Depending on the progress we actually achieve, either PT8 or PT9 will be the first version available for public preview, so right now it is not possible to download a public working compiler from anywhere. Since these milestones are already labeled with “pre”, there is no use to create special preview releases. You’ll be able to download the exact compiler package we use for testing. Starting with PT10, the software should reach beta level quality and by PT15 we’d like to reach 1.0.

Each compiler package comes with at least the following components:

  • z2c: the command line compiler and full build tool. The compiler is also a build tool capable of building arbitrarily complex projects out of the box with a single execution of the tool.
  • zide: a GUI cross platform IDE designed to offer a minimal golden standard of features to new adopters of the language who wish to edit code using an IDE.
  • zsyntax: a command line tool that can output syntax highlighted HTML code using various options for single files or full projects.
  • zut: a command line unit-test execution tool, serving as a sanity check for the compiler and standard library.
  • a full copy of the standard library as source code

Most of these tools are self explanatory, but I’d like to focus a bit on ZIDE, the Z2 IDE. During the past few years, several programming languages have cropped up, some broad scoped, some niche, some popular, some not. But in general, when a new language pops up, especially if it is not a scripting language, the tool support at release is very poor. It can take a lot of time before even a few syntax highlighters crop up for some popular IDEs and it can take years before any decent tools get created. It is very common for somebody picking up such a language to have to edit code in some random editor that does not understand the syntax of the language, have to compile in the command line because said editor can’t launch the appropriate compilation command and be forced to use “printf” debugging, since a real debugger with breakpoints and watches (as a bare minimum) is years away.

It is our goal to eliminate this problem by having the official package come with an IDE, called ZIDE. Since PT5 the package includes this GUI editor and in each PT it is getting improved as part of the official development schedule. The command line compiler is married to ZIDE as development efforts go, so even if the compiler and library are 100% ready for the next release, if ZIDE has not been updated, we will delay the release until some new features have been added to it. ZIDE is supported on all platforms where the compiler is officially supported and requires a X server or Windows.

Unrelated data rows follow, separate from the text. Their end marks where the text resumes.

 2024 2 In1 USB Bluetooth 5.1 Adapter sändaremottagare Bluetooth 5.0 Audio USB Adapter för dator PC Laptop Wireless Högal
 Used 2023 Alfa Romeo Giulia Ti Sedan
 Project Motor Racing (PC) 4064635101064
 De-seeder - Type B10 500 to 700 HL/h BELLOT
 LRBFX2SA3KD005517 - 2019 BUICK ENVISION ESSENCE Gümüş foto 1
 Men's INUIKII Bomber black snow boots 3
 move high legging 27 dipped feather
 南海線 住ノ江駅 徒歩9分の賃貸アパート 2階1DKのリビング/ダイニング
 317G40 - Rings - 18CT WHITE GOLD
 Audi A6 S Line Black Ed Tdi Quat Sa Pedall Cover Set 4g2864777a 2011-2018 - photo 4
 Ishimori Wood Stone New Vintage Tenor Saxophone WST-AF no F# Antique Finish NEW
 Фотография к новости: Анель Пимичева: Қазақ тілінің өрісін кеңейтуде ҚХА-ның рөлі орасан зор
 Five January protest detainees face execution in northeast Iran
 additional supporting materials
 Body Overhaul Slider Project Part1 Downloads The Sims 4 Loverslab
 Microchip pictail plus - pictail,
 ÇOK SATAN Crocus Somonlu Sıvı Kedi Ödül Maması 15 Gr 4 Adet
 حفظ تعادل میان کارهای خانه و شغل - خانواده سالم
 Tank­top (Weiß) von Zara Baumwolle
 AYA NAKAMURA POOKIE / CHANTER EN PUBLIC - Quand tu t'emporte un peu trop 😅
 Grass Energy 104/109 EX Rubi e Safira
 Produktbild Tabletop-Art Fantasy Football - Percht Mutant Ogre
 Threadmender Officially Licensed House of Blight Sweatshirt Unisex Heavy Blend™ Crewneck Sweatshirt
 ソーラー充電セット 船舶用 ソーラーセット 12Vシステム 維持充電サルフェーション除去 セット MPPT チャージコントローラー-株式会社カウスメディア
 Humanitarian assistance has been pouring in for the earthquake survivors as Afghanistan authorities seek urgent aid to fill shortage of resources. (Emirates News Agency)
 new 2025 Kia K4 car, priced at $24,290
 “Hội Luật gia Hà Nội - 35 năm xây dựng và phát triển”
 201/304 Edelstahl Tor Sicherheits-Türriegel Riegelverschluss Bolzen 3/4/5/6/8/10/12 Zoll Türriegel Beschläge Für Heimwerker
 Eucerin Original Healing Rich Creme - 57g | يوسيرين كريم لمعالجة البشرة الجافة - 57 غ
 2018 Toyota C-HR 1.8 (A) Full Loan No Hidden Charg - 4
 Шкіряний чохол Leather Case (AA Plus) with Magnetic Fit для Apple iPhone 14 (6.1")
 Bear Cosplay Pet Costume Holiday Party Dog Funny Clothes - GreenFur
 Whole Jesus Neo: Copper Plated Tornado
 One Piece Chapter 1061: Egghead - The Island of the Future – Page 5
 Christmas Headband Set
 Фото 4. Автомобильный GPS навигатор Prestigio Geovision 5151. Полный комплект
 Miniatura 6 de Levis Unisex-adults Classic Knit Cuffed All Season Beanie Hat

ZIDE is really not meant to be the best IDE in the world. Hopefully, other better tools will be created by third parties. ZIDE is there to offer a few much needed features and conveniences from day one! A few major features like syntax highlighting, code browsing, project creation and navigation, auto-complete, compiling and debugging are considered by us as being a worthwhile development effort. An early adopter will not be forced to use whatever tools one can muster because ZIDE will always be there if needed. To make sure that ZIDE is pleasant to use and has all the necessary features, the Z2 standard library is fully developed using ZIDE and ZIDE only. Additionally, non-automated testing is also done mostly using ZIDE.

Now that I presented what is in the compiler package, I shall finish by describing how it compiles.

Z2 uses the common IR paradigm (intermediate representation). The compiler has a front-end, which when compiling source code will create an IR tree. And with this the job of the front-end is done. A back-end is needed to output some meaningful machine code based on IR.

The compiler does not have a back-end capable of outputting machine code and this is intentional. It wouldn’t take use more than a couple of months to create one such back-end and it would function properly, but it would produce terribly un-optimized machine code and would also be completely tied to one single machine architecture. Even with a team 20 times larger and working for years, it would still be highly improbable to produce a better optimized machine code generator than some of the solutions that are available today. GCC has been in development for 28 years and LLVM for 12, just to name a couple. So we want the back-ends to use existing solutions for machine code generation. Solutions supporting every major combination of architecture and operating system, while still being capable of outputting highly optimized code.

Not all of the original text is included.